Scraped caption text data:
━━━━━━━━

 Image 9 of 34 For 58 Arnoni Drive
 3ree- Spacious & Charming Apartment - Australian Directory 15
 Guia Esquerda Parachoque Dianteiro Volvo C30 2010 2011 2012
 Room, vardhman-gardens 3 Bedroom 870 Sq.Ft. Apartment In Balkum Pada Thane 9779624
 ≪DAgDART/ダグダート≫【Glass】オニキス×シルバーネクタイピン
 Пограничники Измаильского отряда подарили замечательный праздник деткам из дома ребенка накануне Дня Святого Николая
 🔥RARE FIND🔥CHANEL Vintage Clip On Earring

━━━━━━━━

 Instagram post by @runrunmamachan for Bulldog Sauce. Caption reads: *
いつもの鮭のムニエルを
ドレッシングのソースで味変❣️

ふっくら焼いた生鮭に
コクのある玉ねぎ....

━━━━━━━━

Wherever the word "Apartment" appears in the records above, copy that line.

 3ree- Spacious & Charming Apartment - Australian Directory 15
 Room, vardhman-gardens 3 Bedroom 870 Sq.Ft. Apartment In Balkum Pada Thane 9779624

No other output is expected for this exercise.